EUROPE - The whole of Southern Europe will eventually leave the euro-zone due to a general lack of competitiveness, with Greece and Portugal first in line for the exit, according to John Greenwood, chief economist at Invesco.

In a presentation at the asset manager’s annual investment seminar in Austria, Greenwood predicted Portugal would be the next to leave the common currency, with state, company and household debt pushing the country into default.

The economist also pointed out that Greece was technically already in default - “a 50% haircut is, in effect, a default” - and unit labour costs in “uncompetitive” Italy and Spain were 25% more than in Germany.

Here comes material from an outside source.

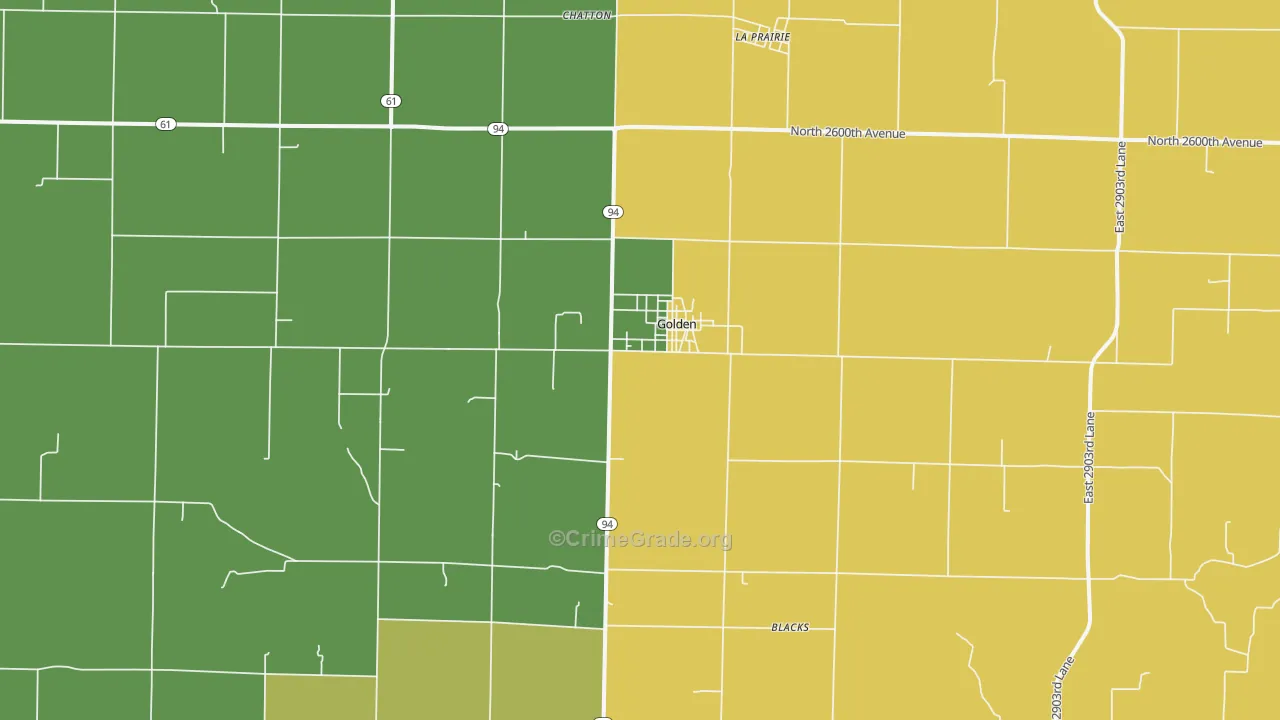 Golden, IL Map of Assault Rates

“If those countries had their own currencies, they would devalue them by that factor,” he added. “But they would also have to reduce wages and prices by 25% in the coming years.”

The economist - who helped to reform Hong Kong’s currency after its collapse in the 1980s - said painful cuts had worked then only because there had been lots of growth and little democracy in the Asian economy.

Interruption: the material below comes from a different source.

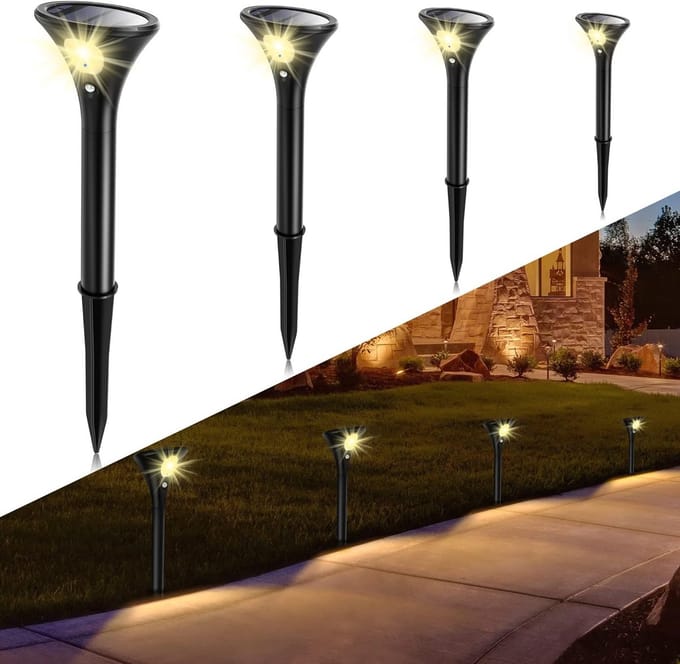 Draadloze WiFi Buitenlampen met Bewegingssensor - Set van 4 - IP65 Waterdicht voor Tuin en Oprit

Greenwood also argued that the euro-zone had only itself to blame for the current crisis, as the Southern European states, since the inception of the common currency, had effectively been able to borrow at German rates.

He said he was dubious about the introduction of Eurobonds anytime soon, as some countries would continue to “ride on Germany’s coattails”.

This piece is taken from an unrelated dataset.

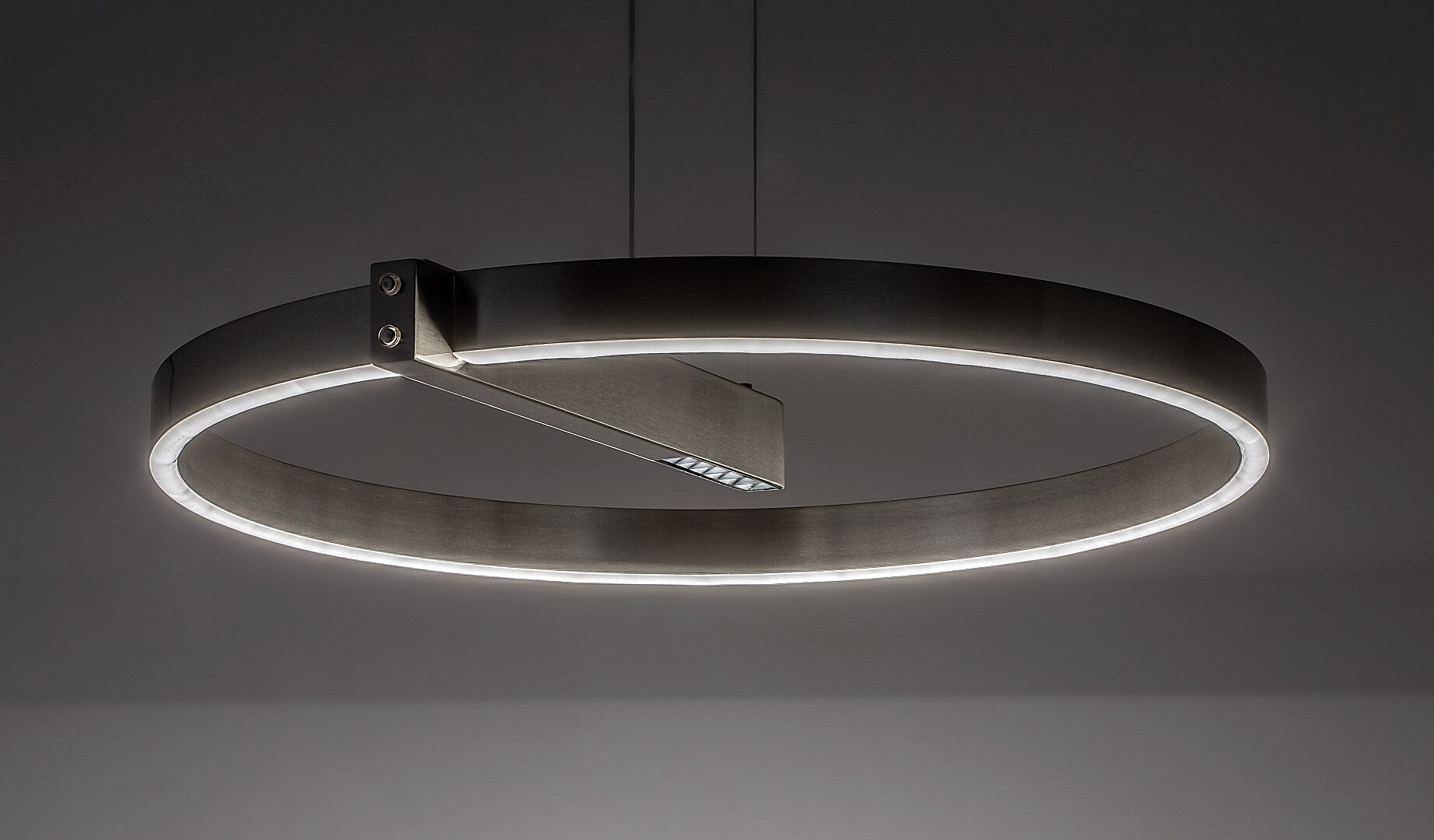 THRAC | LED pendant lamp Ø60 cm – silver, 34W, switchable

Greenwood also rejected the notion that countries breaking away from the euro-zone would be able to establish a “secondary euro”, as the markets would have “too little trust in them”.

However, Invesco’s economist did say the European Central Bank’s three-year lending programme for banks had created “a lot of interest” and was a “ray of sunshine”.

But other measures aimed simply at keeping the euro-zone as it was, or shifting to a full fiscal union, would not work, he said, as they “do not solve the problems of competitiveness, growth or debt repayment”.

This year, Greenwood expects a second recession in Europe with “sub-par” GDP growth, as the “Keynesian” economic stimulus of government debt reached “the end of the road”.